*Assigned task*.
The output must start at the line containing "Tropical Print High Neck Bikini" in the records below and stop at the last line, matching each line exactly and leaving out every picture.

*Data*.

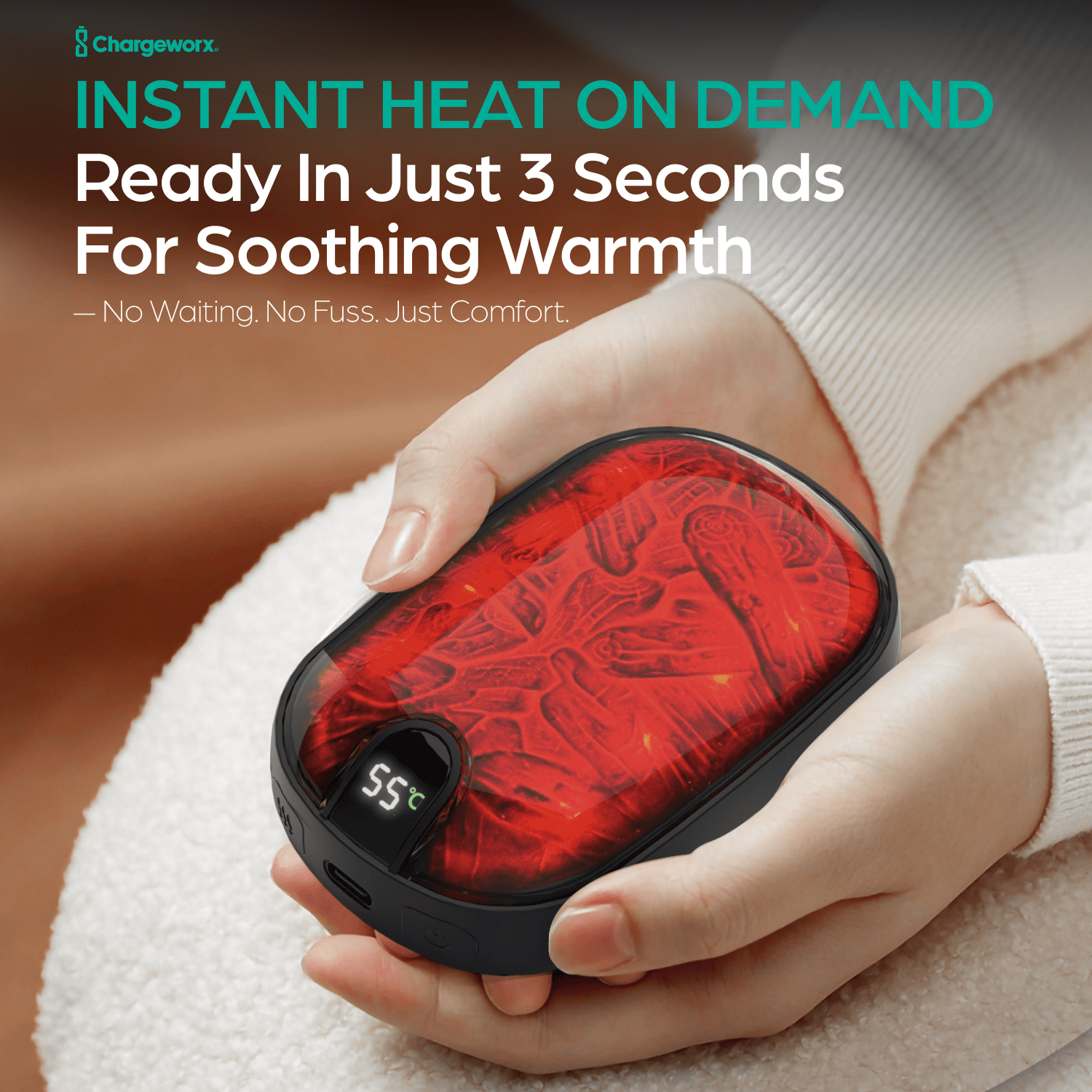 ChargeWorx Rechargeable Hand Warmer, 5000mAh Portable Electric Hand Heater & Power Bank with LCD Display, 5-Hour Warmth, USB Charger for Camping, Hunting, Outdoor Sports, Travel & Cold Weather Relief
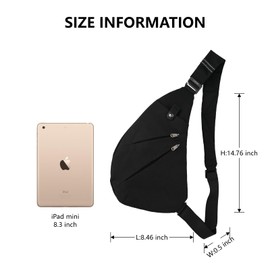 Carfany Light And Slim Crossbody Sling Bag Unisex Water Resistant Anti-Theft Shoulder Bag Outdoor Casual Hiking Daypack Personal Pocket Bag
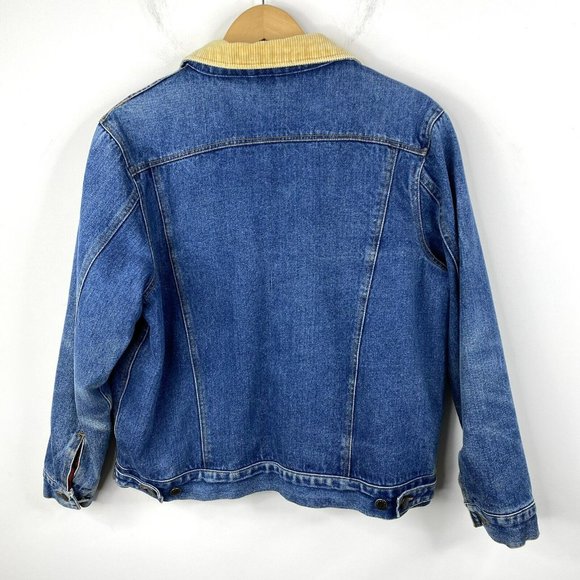 Vintage WINGARS Mens Size Medium Trucker Denim Jean Jacket Red Plaid Lining - Picture 3 of 6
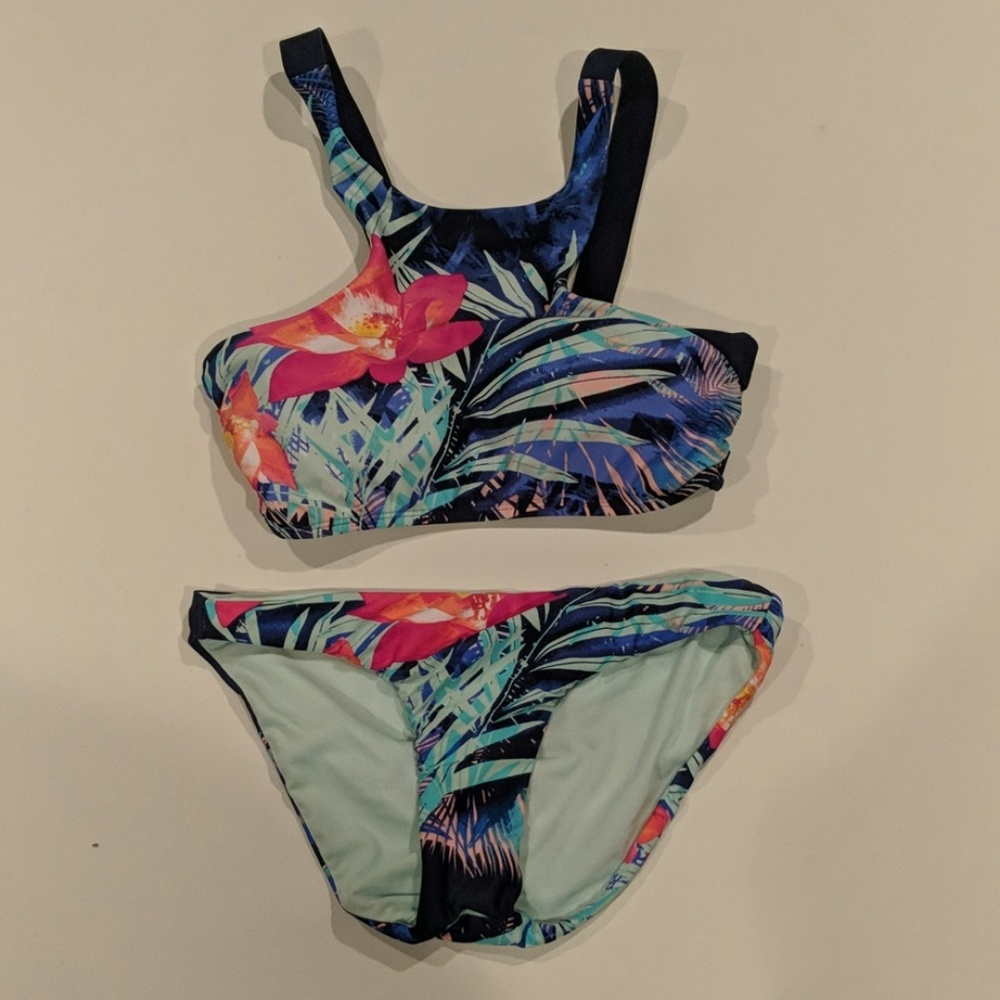 Tropical Print High Neck Bikini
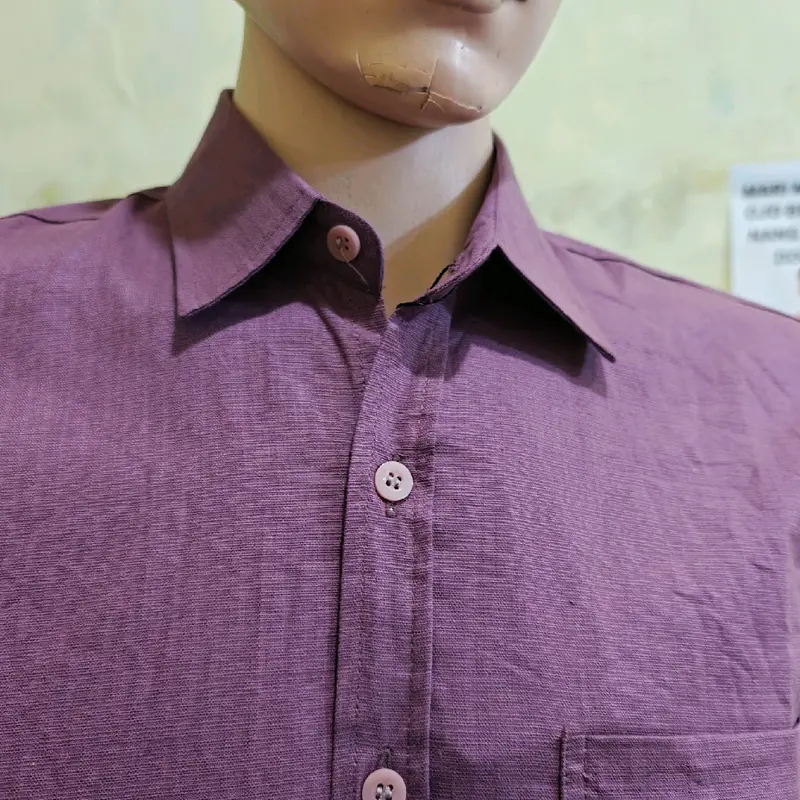 Kemeja Polos Pria Magnet Bahan Katun Sigaret Premium Lengan Pendek Slimfit - Burgundy Mauve Dusty Putih Hitam Kerah Casual Navy Formal (M-L-XL) -Kain Basic Nyaman Lembut Kerja Baju Brown trendy teracota 3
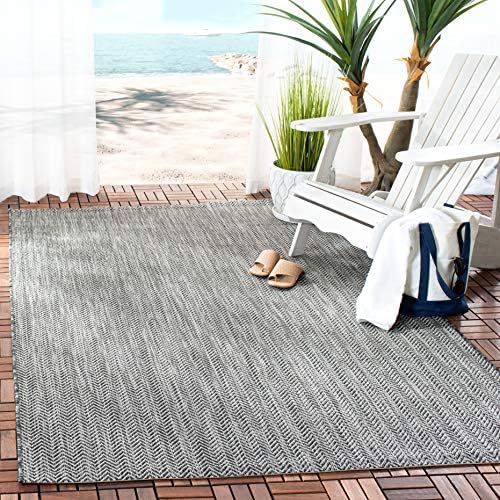 SAFAVIEH Outdoor Area Rug 8x11 - Courtyard Collection - Large, Coastal Design, Black & Beige, Durable & Easy Cleaning, Ideal for Patio, Entryway, Mudroom (CY8022-36621) by Unknown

*Solution to this exercise*.
 Tropical Print High Neck Bikini
 Kemeja Polos Pria Magnet Bahan Katun Sigaret Premium Lengan Pendek Slimfit - Burgundy Mauve Dusty Putih Hitam Kerah Casual Navy Formal (M-L-XL) -Kain Basic Nyaman Lembut Kerja Baju Brown trendy teracota 3
 SAFAVIEH Outdoor Area Rug 8x11 - Courtyard Collection - Large, Coastal Design, Black & Beige, Durable & Easy Cleaning, Ideal for Patio, Entryway, Mudroom (CY8022-36621) by Unknown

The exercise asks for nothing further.